WORK REQUEST:
Please reproduce the entries below exactly, leaving the pictures out.

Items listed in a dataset
○ ○ ○ ○ ○ ○ ○

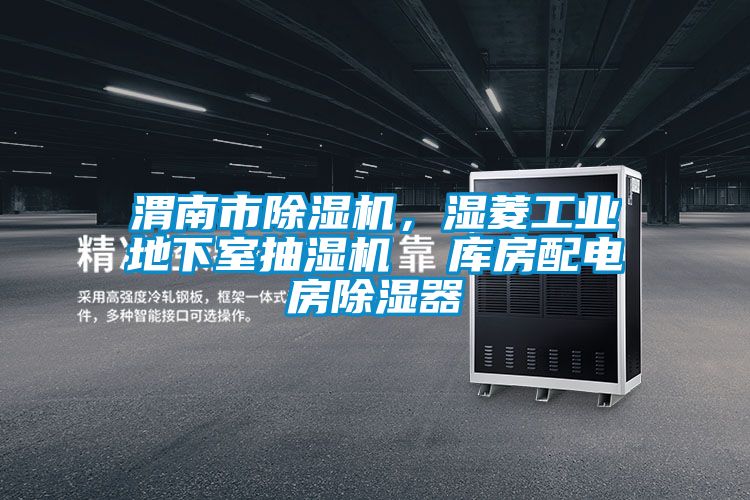 渭南市黄瓜视频下载污机，湿菱工业地下室抽湿机  库房配电房黄瓜视频下载污器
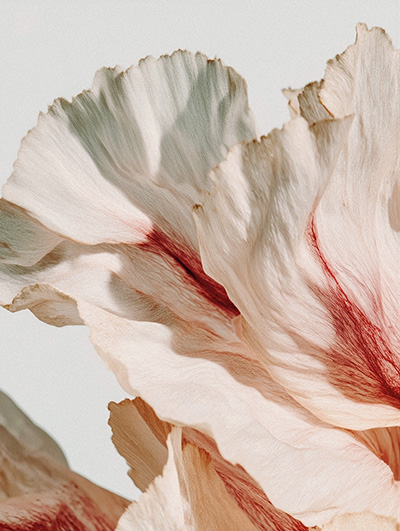 Ivory Flower Petals Close-Up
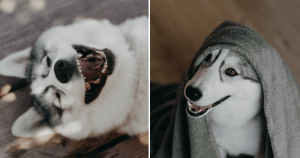 Husky Siberiano que nasceu com óculos é a coisa mais fofa que você verá hoje!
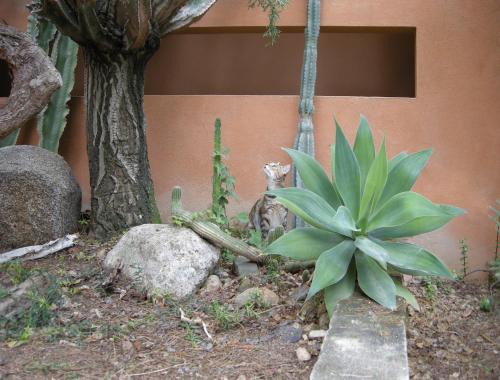 Solanas Bed & Breakfast | via dei gerani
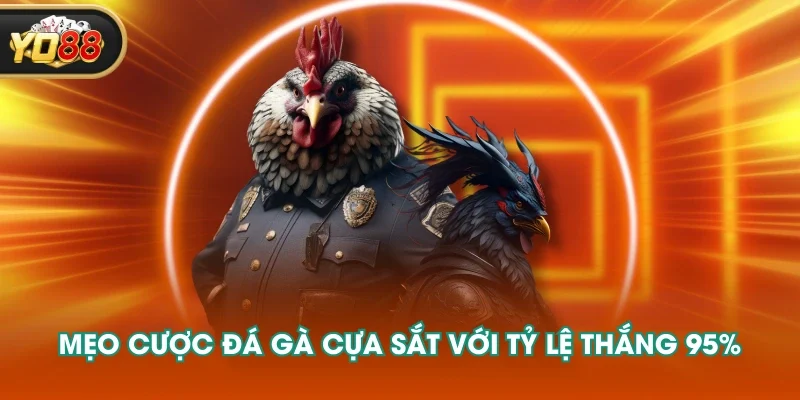 Mẹo cược đá gà cựa sắt với tỷ lệ thắng 95%
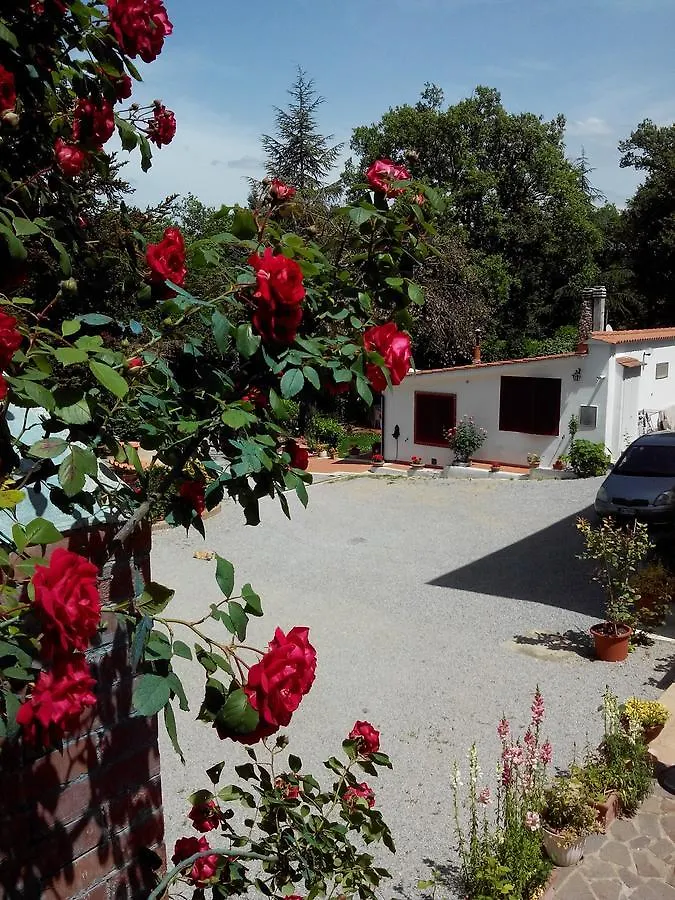 Appartamento Boscodisotto Rapolano Terme Apartment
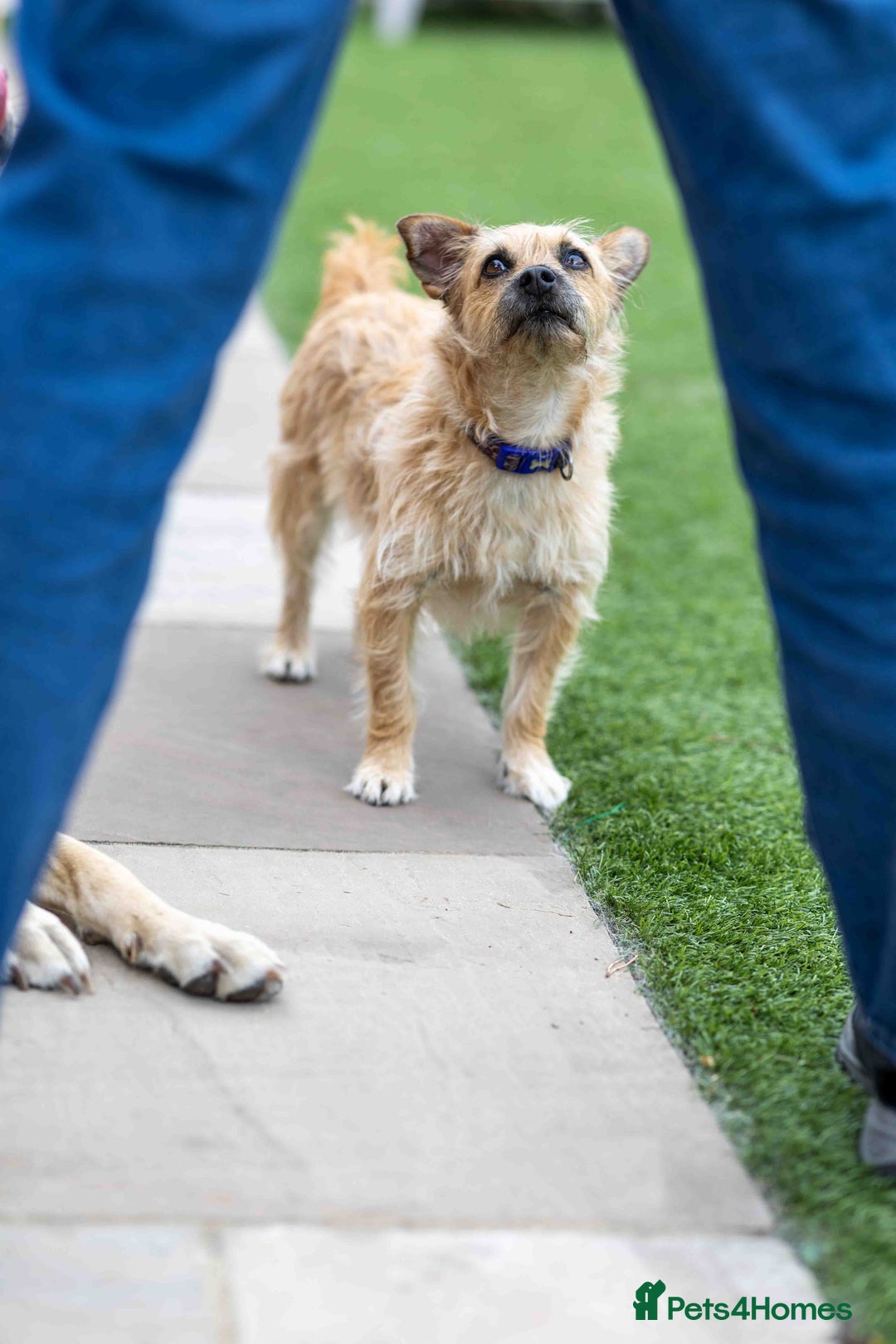 Mixed Breed dogs for adoption: Livvy - Image 13
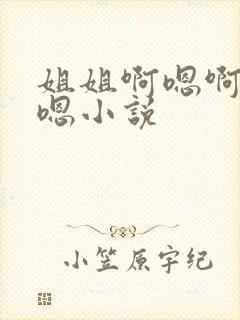 姐姐啊嗯啊嗯啊嗯小说封面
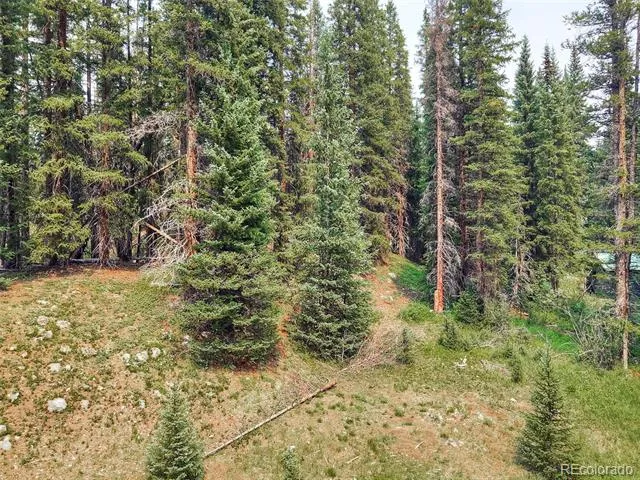 757 CR 674 Breckenridge, CO 80424
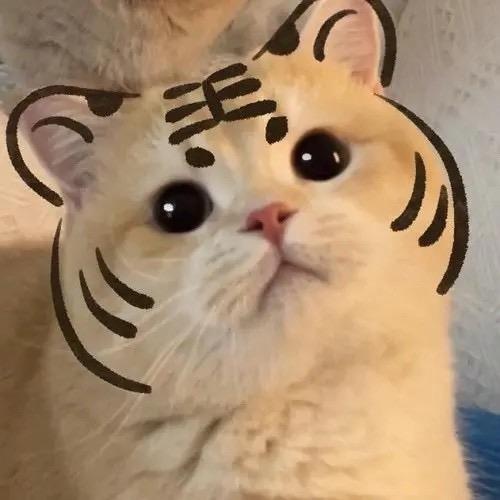 小杨¹⁹⁹⁸
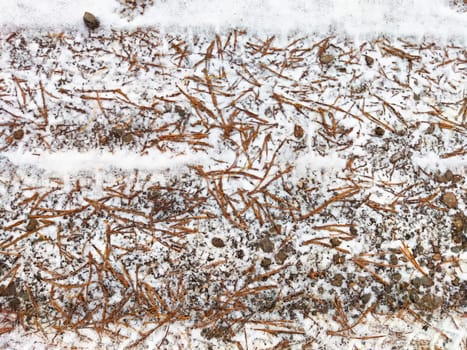 Background with frozen snow and spruce needles. Winter texture, pattern, frame, copy space, place for text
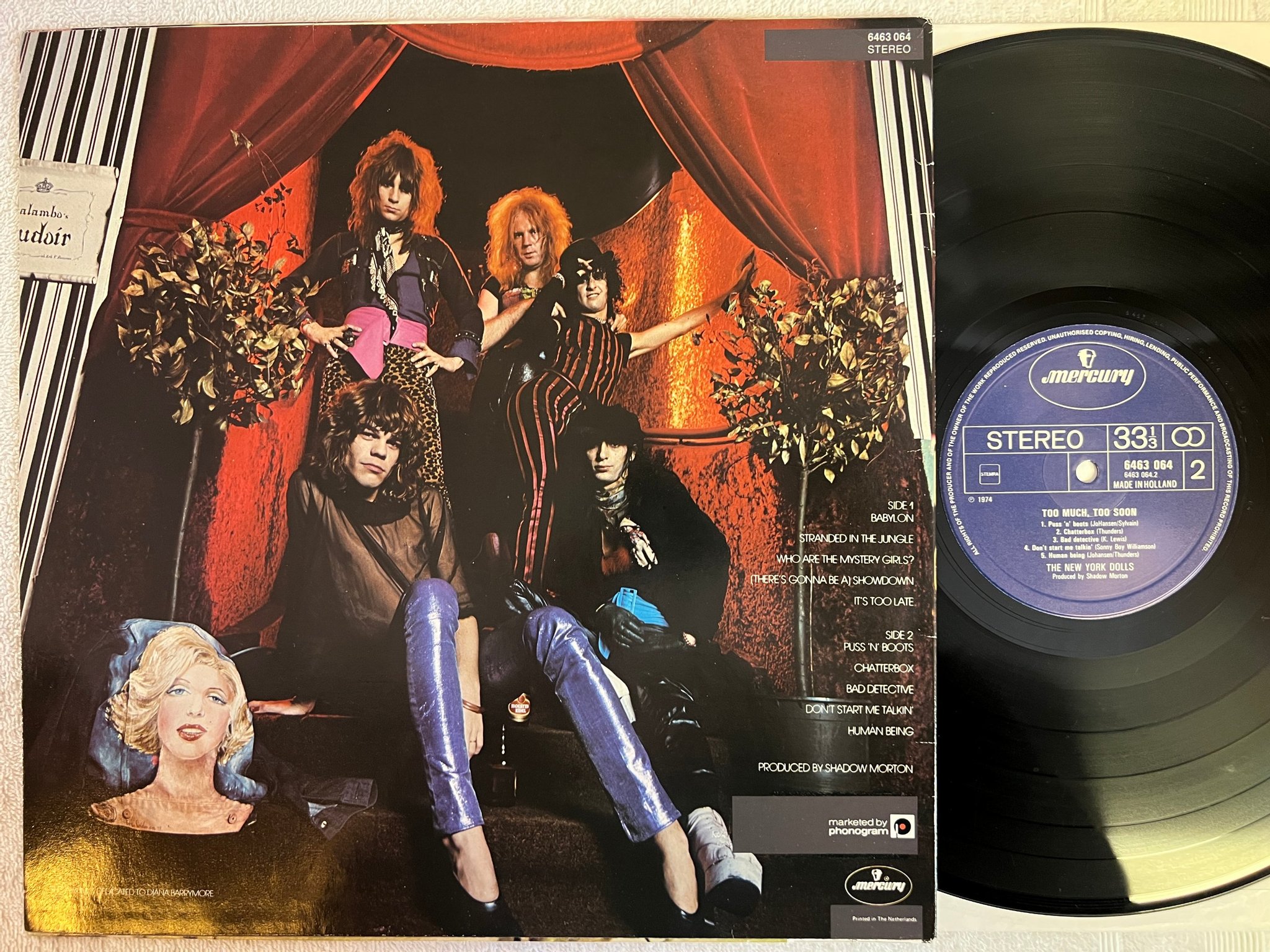 Omslagsbild för skivan NEW YORK DOLLS Too Much Too Soon LP -74 Hol MERCURY 6463064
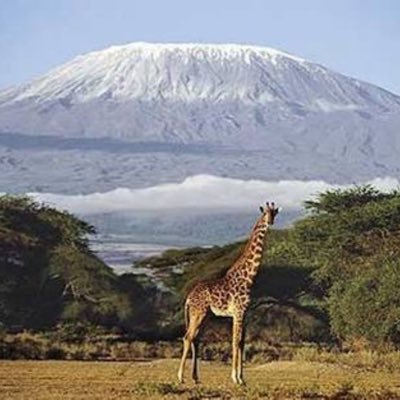 kilimanjaro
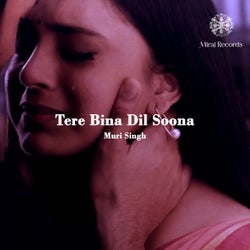 Tere Bina Dil Soona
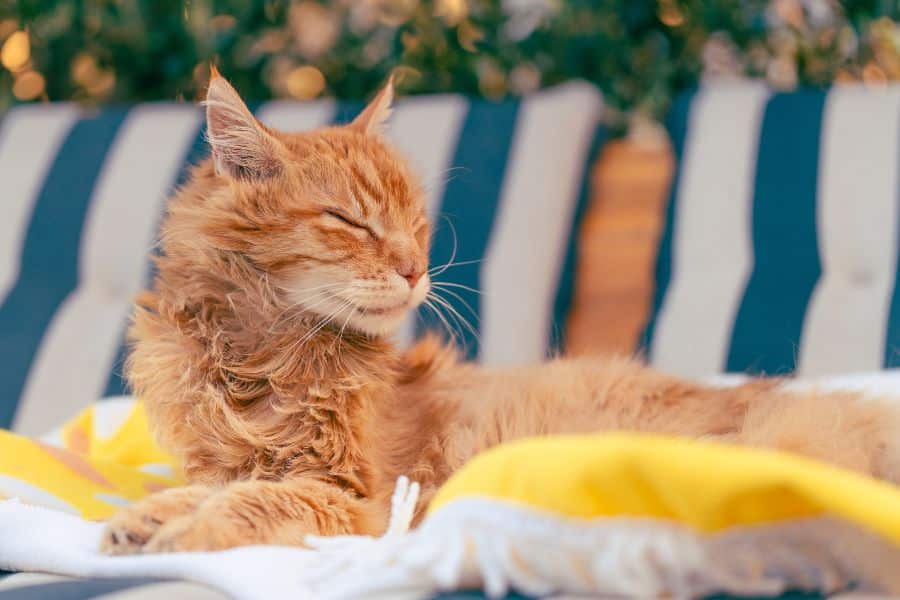 Maine Coon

○ ○ ○ ○ ○ ○ ○

PROBLEM SOLUTION:
 渭南市黄瓜视频下载污机，湿菱工业地下室抽湿机  库房配电房黄瓜视频下载污器
 Ivory Flower Petals Close-Up
 Husky Siberiano que nasceu com óculos é a coisa mais fofa que você verá hoje!
 Solanas Bed & Breakfast | via dei gerani
 Mẹo cược đá gà cựa sắt với tỷ lệ thắng 95%
 Appartamento Boscodisotto Rapolano Terme Apartment
 Mixed Breed dogs for adoption: Livvy - Image 13
 姐姐啊嗯啊嗯啊嗯小说封面
 757 CR 674 Breckenridge, CO 80424
 小杨¹⁹⁹⁸
 Background with frozen snow and spruce needles. Winter texture, pattern, frame, copy space, place for text
 Omslagsbild för skivan NEW YORK DOLLS Too Much Too Soon LP -74 Hol MERCURY 6463064
 kilimanjaro
 Tere Bina Dil Soona
 Maine Coon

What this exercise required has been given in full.